Peter Orzsag, director of the Office of Management and Budget, has made a big change in the way the Obama administration keeps track of jobs created by the stimulus bill.
Instead of trying to count all the jobs “created or saved” by the $787 billion legislation, the White House will now count all jobs funded by the bill, according to a Dec. 18 memo written by the OMB chief.
OMB says doing this will help improve data quality and improve the public’s understanding of the numbers, but some Republican critics view it as a calculated move towards boosting the overall jobs created by the bill.
“Instead of trying to define jobs created or saved this will look at jobs funded by the Recovery Act,” OMB spokesman Tom Gavin told The Washington Times.
“No one understood what created or saved meant,” he added. “So we are using a more easy to understand definition.” He also noted that the Government Accountability Office recommended these changes in a report issued last fall.
Rep. Darrell Issa, California Republican, sees it otherwise. He argues there is a political motive behind the changes and that counting jobs that existed before the stimulus was passed or may have existed without stimulus funding is misleading.
“The Administration appears to be revising its criteria to embrace and tout claims about jobs it knows it didn’t create or save,” he said in a statement. “Their new definition is, ‘if we spend taxpayer money, we’re successful.’”
Mr. Gavin responded to these complains by saying “a lot of people who are complaining about this change are the very same people who were complaining two or three months ago the system was too complicated.”

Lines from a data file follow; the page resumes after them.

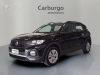 T-CROSS 1.0 TSI 12V FLEX 4P AUTOMÁTICO - 2023 - BENTO GONçALVES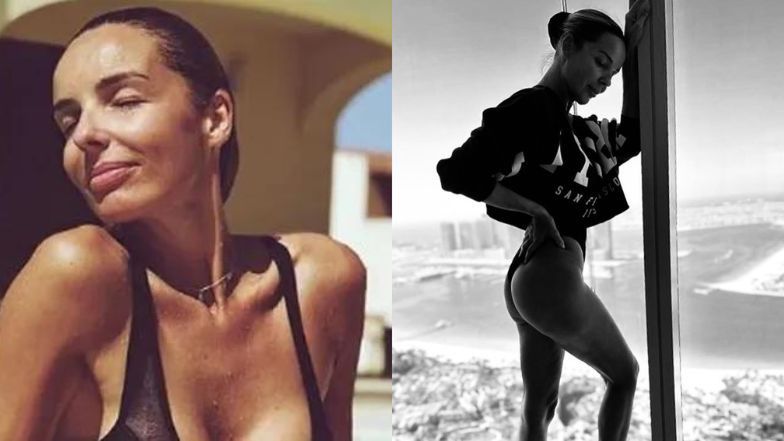 Agnieszka Włodarczyk 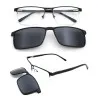 Lunettes de Vue Homme ALBERTO RICCI MC 9014 - ALBERTO RICCI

In addition to counting all jobs funded by the bill, the government will stop tracking the total number of jobs “created or saved” in a cumulative manner and will instead report the number of jobs funded on a quarterly basis. Mr. Issa argues this will make it difficult to identify which jobs have been newly created and those that have been “carried over” from the previous quarter.

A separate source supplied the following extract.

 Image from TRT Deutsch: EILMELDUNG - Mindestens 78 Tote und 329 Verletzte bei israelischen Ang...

The congressman drew attention to these policy changes on Friday by firing off a letter to Earl Devaney, chairman of the Recovery Accountability and Transparency Board, who is tasked with tracking all the spending on Recovery.gov, the government website that shows the public where the money is going.
The website currently lists 640,329 jobs that have been “created/saved as reported by recipients.” Mr. Issa is requesting that label be changed to reflect the number of jobs funded by the stimulus bill.
Ed Pound, communications director for the Recovery Accountability and Transparency Board, could not say whether the changes would be made at this time.
“As always Mr. Devaney will give Mr. Issa’s letter considerable thought and we will get back to him within the time frame cited in the letter,” he said.